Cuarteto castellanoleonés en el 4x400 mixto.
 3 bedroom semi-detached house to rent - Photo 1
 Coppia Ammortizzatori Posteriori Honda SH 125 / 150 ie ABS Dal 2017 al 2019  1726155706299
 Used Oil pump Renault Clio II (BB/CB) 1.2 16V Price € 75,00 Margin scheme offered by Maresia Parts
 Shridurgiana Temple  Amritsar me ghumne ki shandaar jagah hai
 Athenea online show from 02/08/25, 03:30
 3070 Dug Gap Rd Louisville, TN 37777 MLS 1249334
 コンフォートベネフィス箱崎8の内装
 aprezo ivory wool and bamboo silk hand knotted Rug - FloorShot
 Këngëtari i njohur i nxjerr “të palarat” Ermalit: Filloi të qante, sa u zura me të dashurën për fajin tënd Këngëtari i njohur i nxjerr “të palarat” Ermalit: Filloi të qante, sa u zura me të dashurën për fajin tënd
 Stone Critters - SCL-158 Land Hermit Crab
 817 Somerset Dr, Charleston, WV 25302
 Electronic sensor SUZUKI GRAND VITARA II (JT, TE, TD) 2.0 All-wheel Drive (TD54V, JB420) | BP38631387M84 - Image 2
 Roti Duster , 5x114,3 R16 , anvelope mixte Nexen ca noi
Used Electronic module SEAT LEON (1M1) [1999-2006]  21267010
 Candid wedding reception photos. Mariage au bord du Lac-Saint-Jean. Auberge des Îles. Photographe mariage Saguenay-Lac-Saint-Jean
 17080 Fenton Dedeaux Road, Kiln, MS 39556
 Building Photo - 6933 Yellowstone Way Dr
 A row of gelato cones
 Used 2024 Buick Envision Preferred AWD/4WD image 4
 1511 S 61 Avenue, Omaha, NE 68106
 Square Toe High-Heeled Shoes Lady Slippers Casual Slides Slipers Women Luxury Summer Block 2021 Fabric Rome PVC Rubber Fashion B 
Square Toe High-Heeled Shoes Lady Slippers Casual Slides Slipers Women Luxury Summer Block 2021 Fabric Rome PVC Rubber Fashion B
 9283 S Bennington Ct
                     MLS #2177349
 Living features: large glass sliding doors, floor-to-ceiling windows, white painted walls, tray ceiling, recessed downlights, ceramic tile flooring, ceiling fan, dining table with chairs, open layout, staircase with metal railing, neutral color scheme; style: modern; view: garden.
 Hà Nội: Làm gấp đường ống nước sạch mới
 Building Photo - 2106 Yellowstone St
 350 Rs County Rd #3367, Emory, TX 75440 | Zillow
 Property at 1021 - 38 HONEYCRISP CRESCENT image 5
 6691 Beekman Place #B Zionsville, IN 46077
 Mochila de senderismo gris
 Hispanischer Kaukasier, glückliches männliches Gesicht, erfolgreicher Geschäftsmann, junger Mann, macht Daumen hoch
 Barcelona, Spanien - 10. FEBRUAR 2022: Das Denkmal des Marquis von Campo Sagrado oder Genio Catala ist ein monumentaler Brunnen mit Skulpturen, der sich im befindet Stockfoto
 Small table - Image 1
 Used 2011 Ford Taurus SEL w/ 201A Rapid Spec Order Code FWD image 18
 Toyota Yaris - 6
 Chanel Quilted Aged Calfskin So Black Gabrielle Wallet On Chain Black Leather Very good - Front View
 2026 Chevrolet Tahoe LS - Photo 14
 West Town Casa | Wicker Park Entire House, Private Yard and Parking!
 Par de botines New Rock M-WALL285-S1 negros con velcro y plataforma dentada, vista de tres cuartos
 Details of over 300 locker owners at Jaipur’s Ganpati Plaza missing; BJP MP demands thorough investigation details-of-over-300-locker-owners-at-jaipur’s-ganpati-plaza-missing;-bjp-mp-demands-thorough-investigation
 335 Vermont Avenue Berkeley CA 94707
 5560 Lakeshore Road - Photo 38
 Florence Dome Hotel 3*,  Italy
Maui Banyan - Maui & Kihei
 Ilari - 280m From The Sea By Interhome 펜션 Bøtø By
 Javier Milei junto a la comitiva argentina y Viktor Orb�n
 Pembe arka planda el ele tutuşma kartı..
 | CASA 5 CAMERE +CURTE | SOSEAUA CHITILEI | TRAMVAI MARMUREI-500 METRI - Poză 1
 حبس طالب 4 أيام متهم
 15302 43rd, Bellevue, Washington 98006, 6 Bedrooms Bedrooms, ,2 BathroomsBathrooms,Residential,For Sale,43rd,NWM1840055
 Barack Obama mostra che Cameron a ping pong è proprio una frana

☆ ☆ ☆ ☆ ☆

Task details:
For this task, write out exactly the lines of the entries above, starting at the line with "Electronic sensor SUZUKI" and ending at the line with "Used Electronic module", both included, and no others.

Result of this task:
 Electronic sensor SUZUKI GRAND VITARA II (JT, TE, TD) 2.0 All-wheel Drive (TD54V, JB420) | BP38631387M84 - Image 2
 Roti Duster , 5x114,3 R16 , anvelope mixte Nexen ca noi
Used Electronic module SEAT LEON (1M1) [1999-2006]  21267010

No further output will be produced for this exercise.